Nice to hear from you again. Here’s the story of my last few weeks, in a top 10 list.

The Top Ten Things You Hoped You’d Never Have to Do When You Were Already Undergoing the Stress of Moving

10. Having your friends come over with circular saws and cut your good bedroom furniture into bits so that nobody would take it from the curb and spread bedbugs.

9. Spraying the component parts of a Violet Wand with 91% isopropyl alcohol.

8. Driving an hour each way to rent a vapor steamer.

7. Cooking your leather corset and most of your shoe collection in a 200 degree oven for half an hour per item. Again.

6. Finally tossing out your old vinyl ballgown, which you ruined anyway during the first wave of the infestation by spraying it with Steri-Fab.

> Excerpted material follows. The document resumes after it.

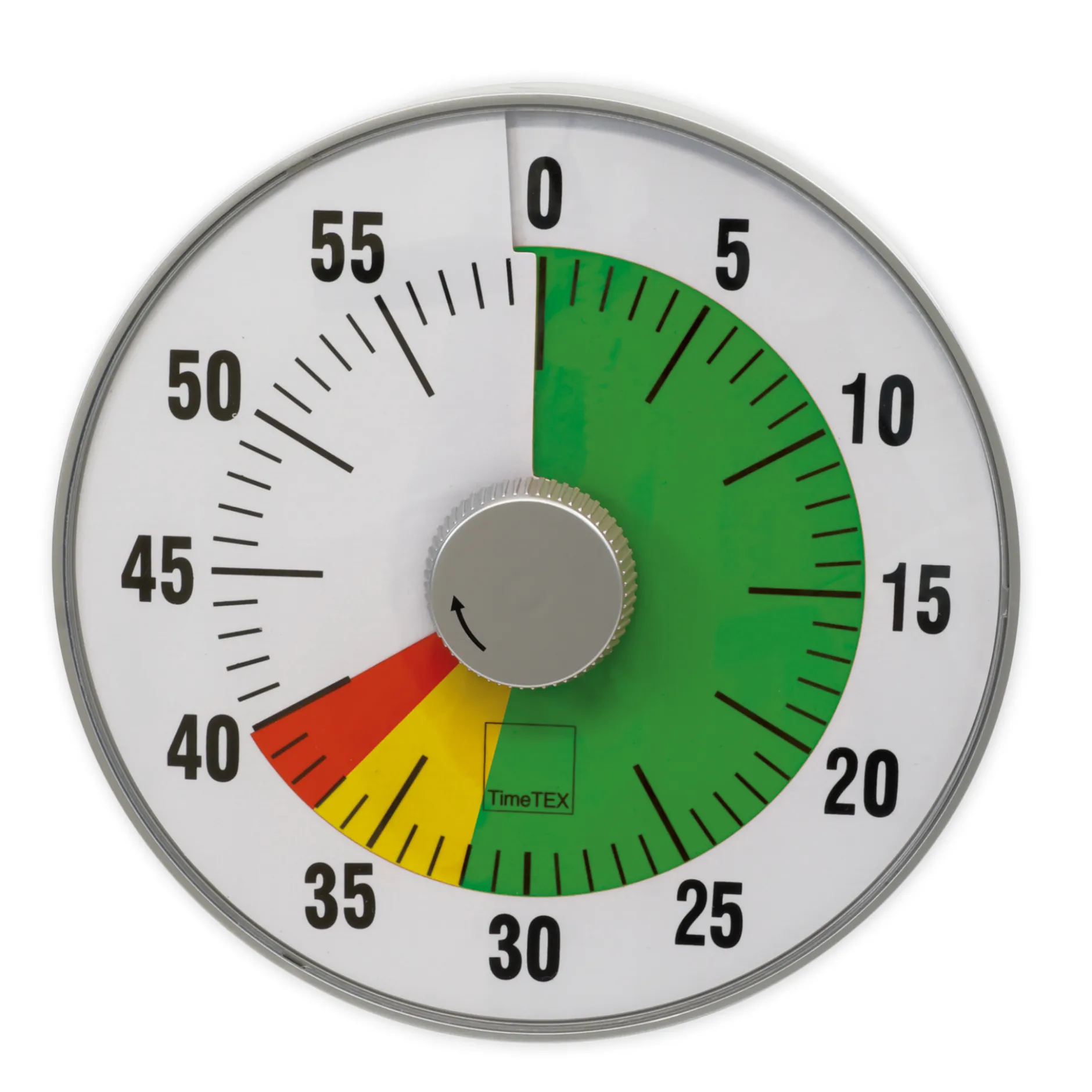 TimeTEX Zeitdauer-Uhr "lautlos" L, 19 cm ø mit Ampelscheibe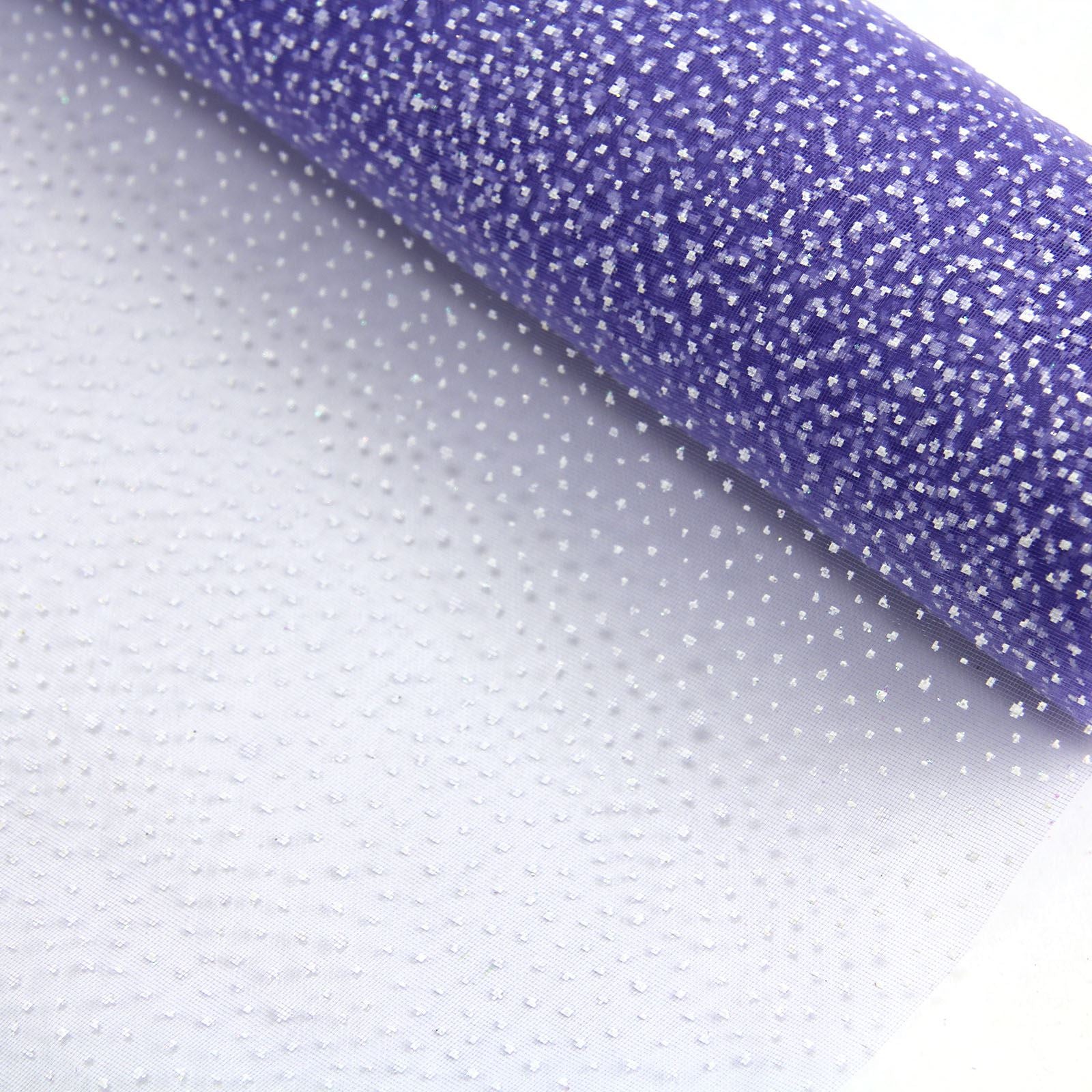 White Spot Organza Mesh - 52cm x 5 Yards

5. Spending at least $100 in quarters to put your entire wardrobe through the dryer in your basement.

4. Ruining your perfectly good Merrell sandals by baking them in your new oven (which is too hot) after wearing them at the old place.

3. Worrying absently that any of the hundreds of books, which were not in the infested room but You Never Know, might be infested, not to mention that they’re all standing in cardboard boxes in the living room, where one bug or egg might have gotten, and and and…

2. Putting your Bose alarm clock/radio/CD player in the oven.

1. Invoking Kali in a pagan ritual in an attempt to get her to eat some of her beloved children and send them back to potentiality.